Pubdate: Sun, 11 Nov 2012
Source: Calgary Sun, The (CN AB)
Copyright: 2012 The Calgary Sun
Contact: http://www.calgarysun.com/letter-to-editor
Website: http://www.calgarysun.com/
Details: http://www.mapinc.org/media/67
Author: Ian Robinson
Page: 71

HIGH TIME FOR CHANGE

"I've never had a problem with drugs.
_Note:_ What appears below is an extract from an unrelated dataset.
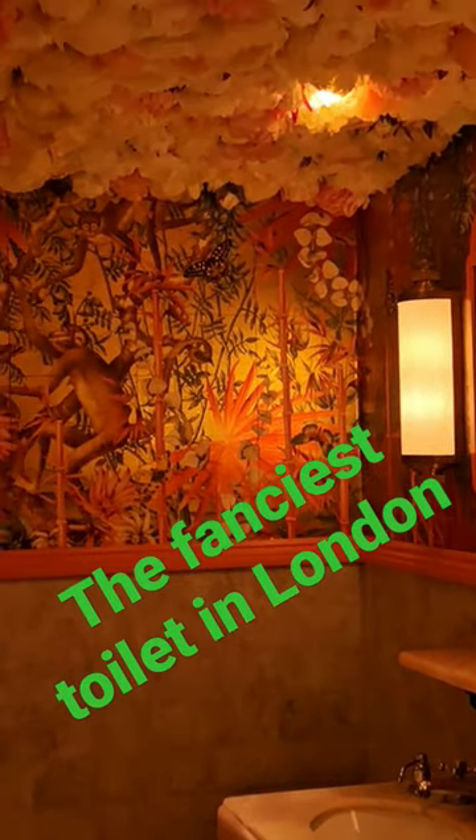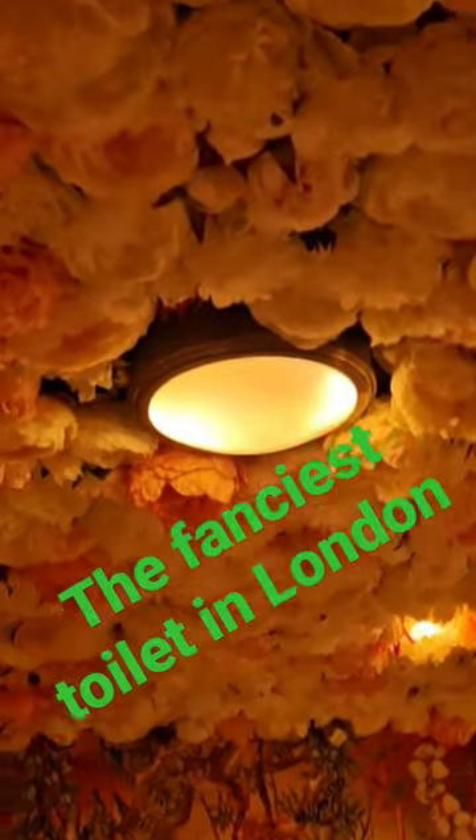These toilets are one of the most fanciest in London. It's called the Ivy and it smells so nice.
I've had a problem with the
police."

- - Keith Richards

The provincial government last week launched a consultation with cops
and communities around Alberta to see what they can do to eradicate
the production of a certain green, leafy substance popular among =C2=85
well.

Pretty much every demographic I know.

Couldn't we just heap a big pile of $100 bills in front of the
legislature and set it on fire instead?

It would have about as much effect and, at the very least, provide a
vivid illustration of the futility of the North American war on
unconventional entrepreneurial agriculture.

Plus, you know - unlike most of what happens at the legislature, it'd
be fun to watch.

The usual reasons for the war on drugs are always trotted out with
these kinds of announcements.

You know them by heart.

Grow-ops are bad because the operators steal power from the grid and
their neighbours.

The guy performing the jury-rigged electrical connection - "Hey dude,
red goes to red, right?" - got the job because he took a couple shop
classes in high school.

This increases the danger of fires like the $2 million debacle in
Citadel that saw five houses and 11 vehicles destroyed.
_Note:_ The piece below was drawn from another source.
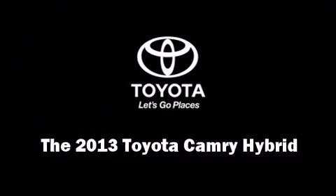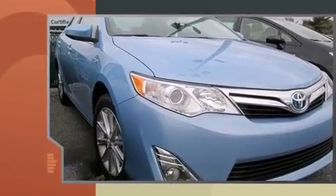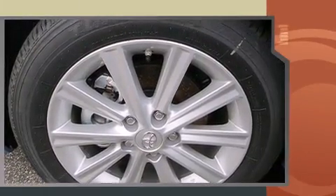You're going to love the 2013 Toyota Camry Hybrid. This four-door, five-passenger sedan is ready to drive off the showroom floor. It features an automatic transmission, front-wheel drive, and a 2.5-liter four-cylinder engine.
And oh yeah, let's not forget the spectre of violence, as competing
drug gangs try to shut one another down or rip each other off.

A terrible scourge that needs to be fought, right?

Not so much.

Because every negative aspect of the marijuana drug trade is the
result of its illegality.

If cultivating and selling marijuana were legal, the people who do it
wouldn't use firearms to compete.

They'd advertise.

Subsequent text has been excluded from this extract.